Total support averaged 120 responses/week over the entire year; 124 for
the first quarter; 123 for the second quarter; 106 for the third
quarter; and 126 for the current quarter.
Some tentative conclusions
- The total support load for the UPC remains high and varies seasonally.
- Support required for the legacy visualization packages (GEMPAK, McIDAS)
continues to be substantial.
- Support required for LDM, IDD, and data continues to grow slowly
but shows variability throughout the year.
- Support for netCDF and outreach remains high.

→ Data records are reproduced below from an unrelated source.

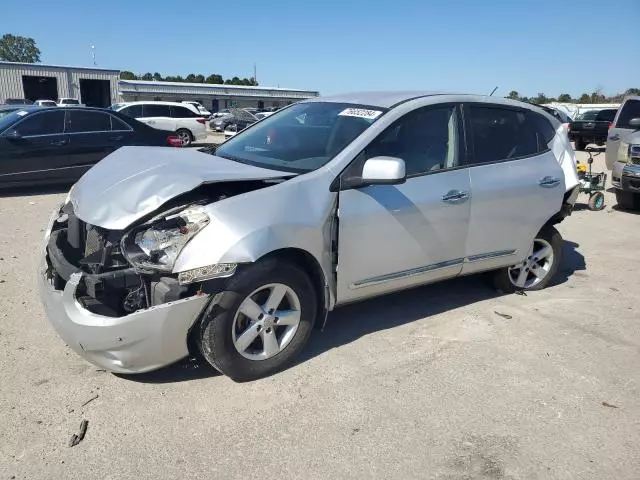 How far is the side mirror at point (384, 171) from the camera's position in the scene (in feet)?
11.1

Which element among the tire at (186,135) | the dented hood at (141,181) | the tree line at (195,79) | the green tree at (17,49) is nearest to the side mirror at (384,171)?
the dented hood at (141,181)

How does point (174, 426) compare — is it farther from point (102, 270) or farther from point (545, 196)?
point (545, 196)

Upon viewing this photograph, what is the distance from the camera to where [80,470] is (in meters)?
2.53

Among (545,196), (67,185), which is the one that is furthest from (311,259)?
(67,185)

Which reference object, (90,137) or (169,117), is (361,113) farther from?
(169,117)

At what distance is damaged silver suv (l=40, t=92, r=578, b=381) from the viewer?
2.97m

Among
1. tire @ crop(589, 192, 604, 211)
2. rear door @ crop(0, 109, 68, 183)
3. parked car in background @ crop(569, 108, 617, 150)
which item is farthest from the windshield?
parked car in background @ crop(569, 108, 617, 150)

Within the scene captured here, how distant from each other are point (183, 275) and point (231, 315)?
38 centimetres

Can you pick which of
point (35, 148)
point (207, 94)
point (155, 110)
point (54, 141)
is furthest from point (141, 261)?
point (207, 94)

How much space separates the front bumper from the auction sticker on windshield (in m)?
1.81

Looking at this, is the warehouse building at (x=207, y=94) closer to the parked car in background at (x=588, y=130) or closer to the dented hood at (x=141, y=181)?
the parked car in background at (x=588, y=130)

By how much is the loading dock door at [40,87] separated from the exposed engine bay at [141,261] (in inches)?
1929

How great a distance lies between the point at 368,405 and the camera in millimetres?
3131

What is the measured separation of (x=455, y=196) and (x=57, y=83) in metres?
49.2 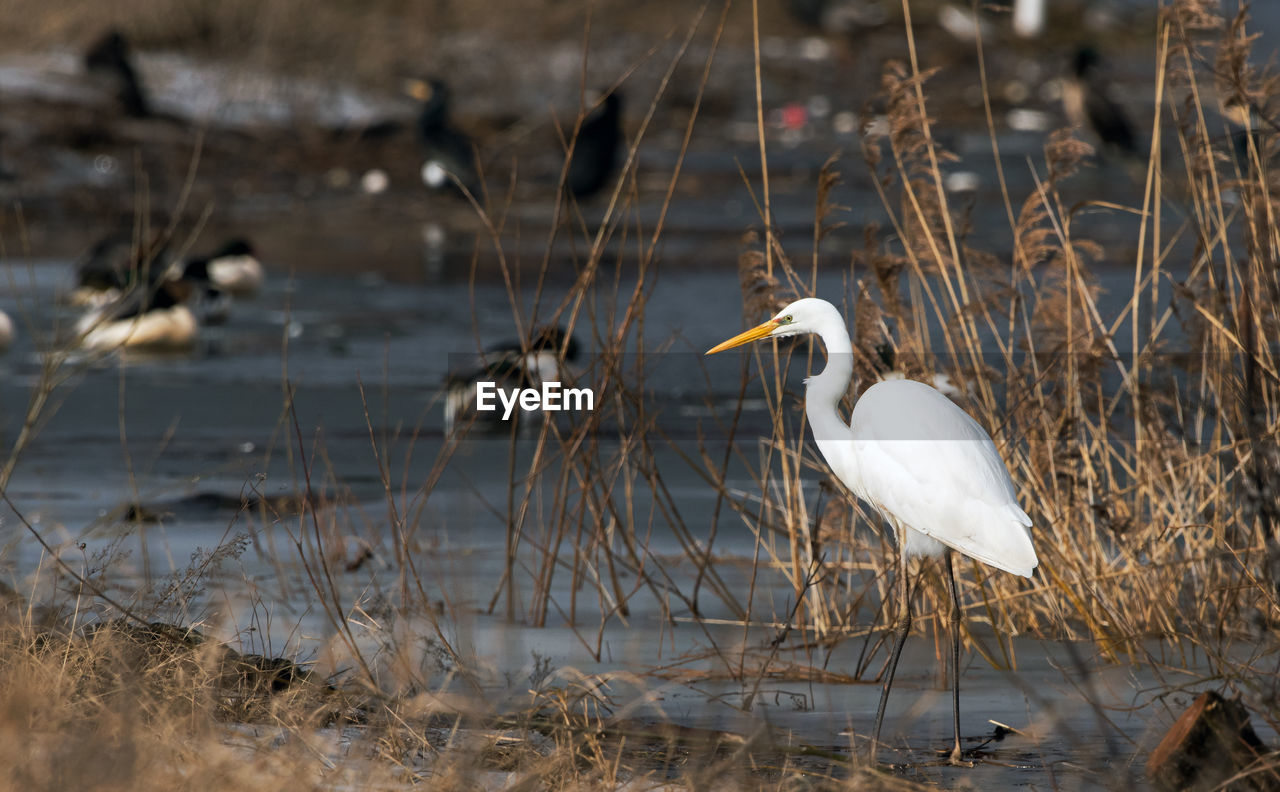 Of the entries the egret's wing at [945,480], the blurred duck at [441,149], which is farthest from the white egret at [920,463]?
the blurred duck at [441,149]

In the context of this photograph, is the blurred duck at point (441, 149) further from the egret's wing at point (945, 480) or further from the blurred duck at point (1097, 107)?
the egret's wing at point (945, 480)

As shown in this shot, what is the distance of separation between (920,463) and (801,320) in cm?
39

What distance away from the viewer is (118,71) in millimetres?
17484

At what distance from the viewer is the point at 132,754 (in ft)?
8.15

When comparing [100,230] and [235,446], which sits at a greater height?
[100,230]

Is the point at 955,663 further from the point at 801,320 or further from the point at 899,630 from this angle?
the point at 801,320

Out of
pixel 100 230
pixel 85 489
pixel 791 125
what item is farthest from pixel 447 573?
pixel 791 125

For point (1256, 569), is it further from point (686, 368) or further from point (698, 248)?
point (698, 248)

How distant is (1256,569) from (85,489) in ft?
12.6

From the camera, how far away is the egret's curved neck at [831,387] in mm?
3656

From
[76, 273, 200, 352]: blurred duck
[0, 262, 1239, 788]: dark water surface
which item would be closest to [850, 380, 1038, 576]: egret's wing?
[0, 262, 1239, 788]: dark water surface

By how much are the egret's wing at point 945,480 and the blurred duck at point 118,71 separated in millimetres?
14903

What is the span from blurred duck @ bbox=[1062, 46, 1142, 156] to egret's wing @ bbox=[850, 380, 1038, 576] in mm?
13334

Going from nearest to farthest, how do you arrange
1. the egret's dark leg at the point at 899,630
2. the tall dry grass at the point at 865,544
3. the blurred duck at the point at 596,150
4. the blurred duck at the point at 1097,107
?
the tall dry grass at the point at 865,544, the egret's dark leg at the point at 899,630, the blurred duck at the point at 596,150, the blurred duck at the point at 1097,107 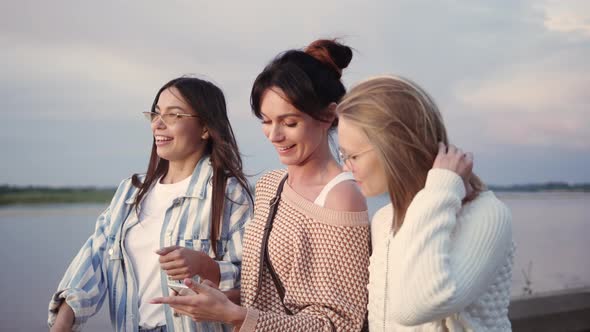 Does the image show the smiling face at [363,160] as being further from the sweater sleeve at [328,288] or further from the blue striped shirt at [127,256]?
the blue striped shirt at [127,256]

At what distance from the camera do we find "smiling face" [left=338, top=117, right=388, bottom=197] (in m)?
1.99

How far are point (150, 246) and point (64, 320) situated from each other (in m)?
0.45

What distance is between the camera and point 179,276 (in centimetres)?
246

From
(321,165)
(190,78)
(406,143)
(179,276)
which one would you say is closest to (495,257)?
(406,143)

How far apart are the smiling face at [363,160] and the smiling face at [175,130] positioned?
1013mm

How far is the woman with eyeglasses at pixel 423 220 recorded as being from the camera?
181 cm

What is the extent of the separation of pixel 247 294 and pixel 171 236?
541 mm

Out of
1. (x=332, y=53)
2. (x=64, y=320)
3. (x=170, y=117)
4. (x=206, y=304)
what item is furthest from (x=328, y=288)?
(x=64, y=320)

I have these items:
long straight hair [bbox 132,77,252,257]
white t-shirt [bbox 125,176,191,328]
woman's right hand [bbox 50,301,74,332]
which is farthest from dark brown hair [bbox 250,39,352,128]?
woman's right hand [bbox 50,301,74,332]

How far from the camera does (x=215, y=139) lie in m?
2.93

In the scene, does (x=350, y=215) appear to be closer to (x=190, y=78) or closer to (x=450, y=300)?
(x=450, y=300)

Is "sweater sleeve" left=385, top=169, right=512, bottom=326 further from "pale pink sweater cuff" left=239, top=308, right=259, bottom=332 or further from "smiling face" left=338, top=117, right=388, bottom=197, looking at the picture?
"pale pink sweater cuff" left=239, top=308, right=259, bottom=332

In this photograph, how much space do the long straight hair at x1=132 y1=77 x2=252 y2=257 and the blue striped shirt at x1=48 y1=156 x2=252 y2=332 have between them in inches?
1.2

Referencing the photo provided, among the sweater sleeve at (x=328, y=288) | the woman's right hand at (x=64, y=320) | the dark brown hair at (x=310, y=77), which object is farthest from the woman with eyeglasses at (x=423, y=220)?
the woman's right hand at (x=64, y=320)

- Taken as a whole, the support required for visualization packages
(GEMPAK, IDV, and McIDAS) is comparable to the support required
to receive data (LDM, IDD).
- Support for any package increases after a new version of the package
is made available.
NOTE
These numbers and conclusions should not be taken too literally, for
several reasons:
- For some packages, multiple responses in the same thread may be
bundled into a single archived email. Other packages have each
response in a thread counted separately.
- After a new release of software, there may be a flurry of the same
or similar questions, which can be answered in separate emails or in
a single mailing list posting.
- This counts primarily support of end users and site administrators,
not developers. Support for other developers in projects such as
OPeNDAP/DODS, THREDDS, McIDAS, GEMPAK, and IDV requires significant
resources, but is difficult to assess.
- Not all support records were indexable for this report. Given this,
the above numbers are an underestimate of the
actual support being provided by the UPC.